Covid ultime 24h
casi +20.709
deceduti +684
tamponi +207.143
terapie intensive -47

La rabbia di un rifugiato siriano bloccato in Grecia nei disegni di Alaa Dukhan

TPI ha contattato Alaa, 30 anni di Homs, per farsi spiegare come mai ha scelto di esprimersi e raccontare il limbo in cui si trova usando una semplice matita

Di TPI
Pubblicato il 11 Dic. 2016 alle 12:02
0

Ci sono molti modi di raccontare la guerra civile siriana, l’incubo in cui si dibattono i siriani rimasti nel loro paese e il limbo in cui vivono quelli che la Siria l’hanno lasciata.

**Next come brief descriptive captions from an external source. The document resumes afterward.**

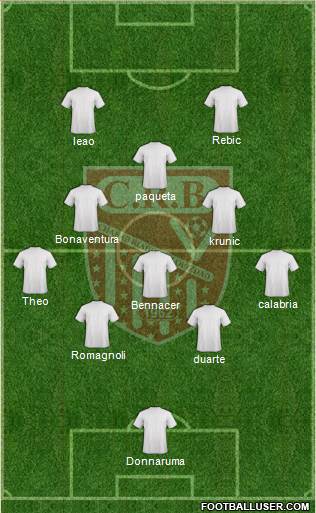 Chabab Riadhi Belouizdad football formation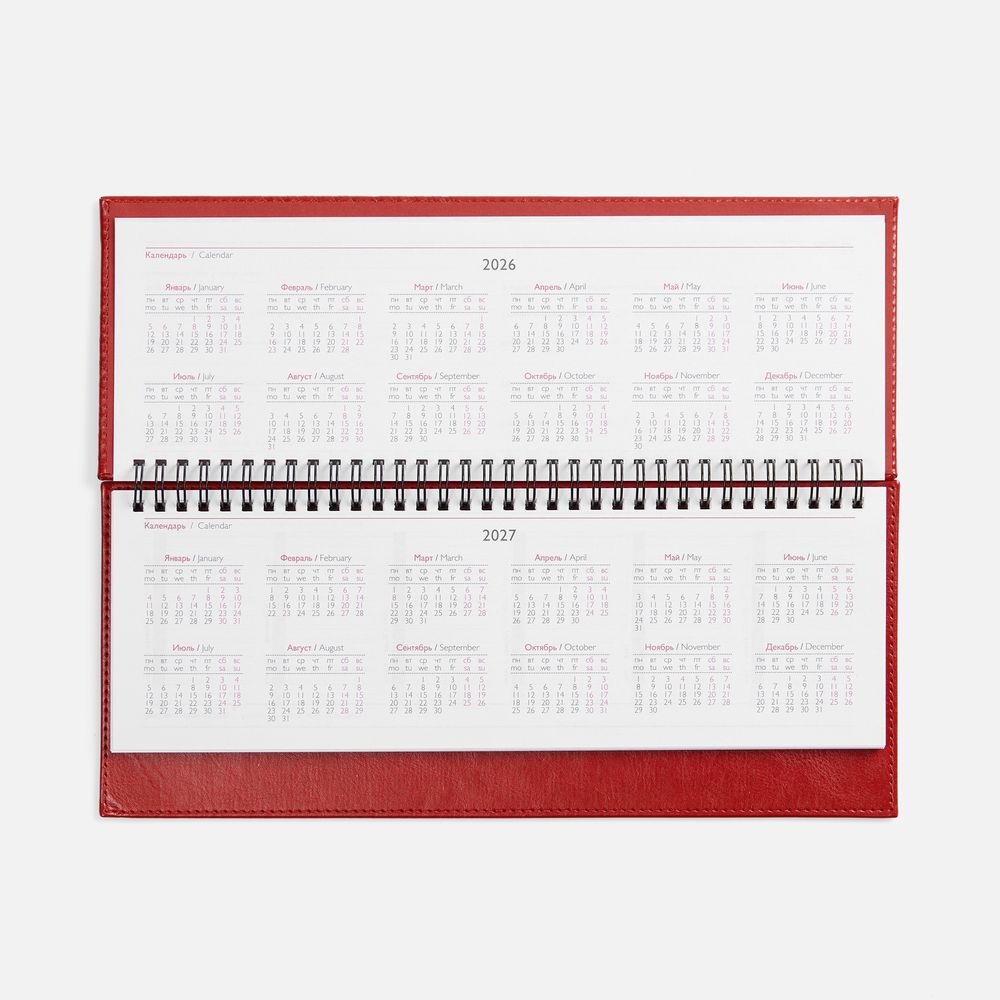 Планинг Faro, датированный, красный / Миниатюра WWW (1000)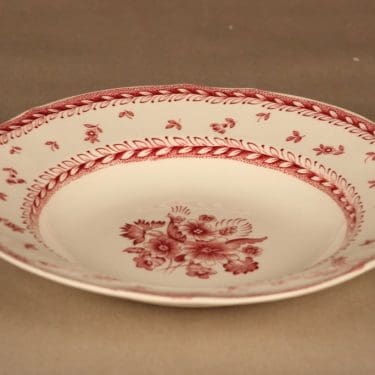 Arabia Suomen Kukka lautanen, syvä, suunnittelija tuntematon, syvä, kukka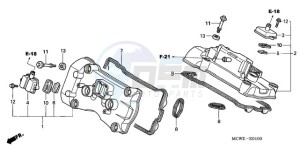 VFR800A9 Ireland - (EK / ABS MME) drawing CYLINDER HEAD COVER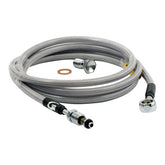 Goodridge hydraulic clutch line kit 62", clear coated HYDR. CLUTCH LINE KITS Goodridge
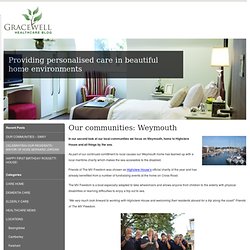 Our communities: Weymouth - Gracewell Healthcare Blog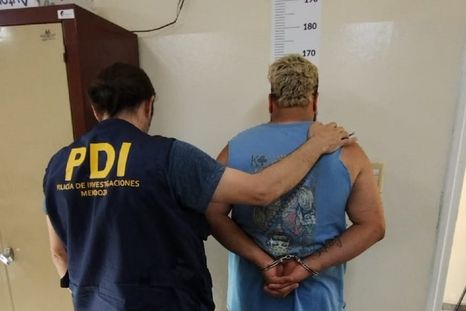 Detención del único acusado de matar a Diego Céspedes Ortiz. Foto: Ministerio de Seguridad.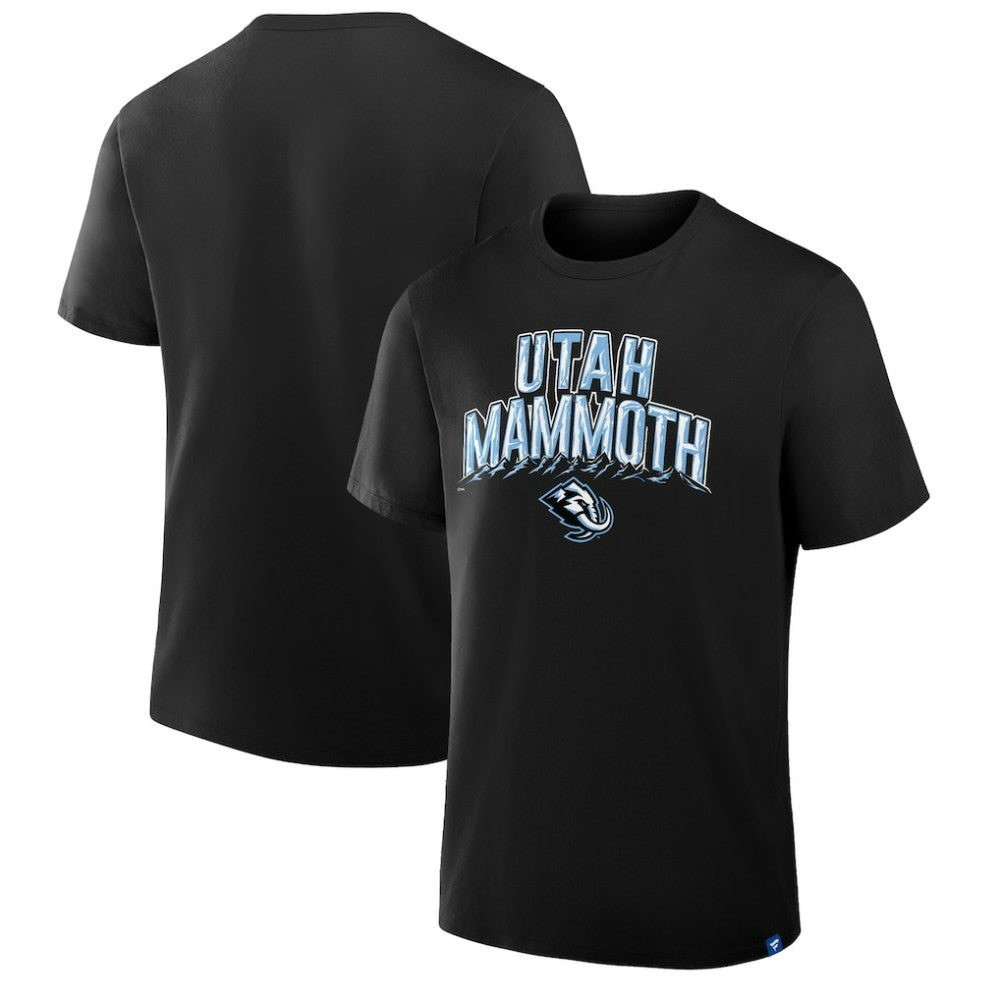NHL Utah Mammoth Profile Male Adult Big & Tall Short Sleeve T-Shirt - Black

Da sempre l’uomo si esprime attraverso il mezzo che gli è più congeniale, e nel caso della rivoluzione siriana molti hanno scelto diverse forme d’arte: dai finger puppets di Masasit Mati (la cui serie Top Goon: Diaries of a Little Dictator è disponibile su YouTube), ai diari di prigionia di quanti hanno conosciuto le carceri del regime, ai fumetti di Juan Zero. E se vi interessa l’argomento del ruolo dell’arte nella Siria della guerra civile, un’ottima lettura è Syria Speaks: Art and Culture from the Frontline.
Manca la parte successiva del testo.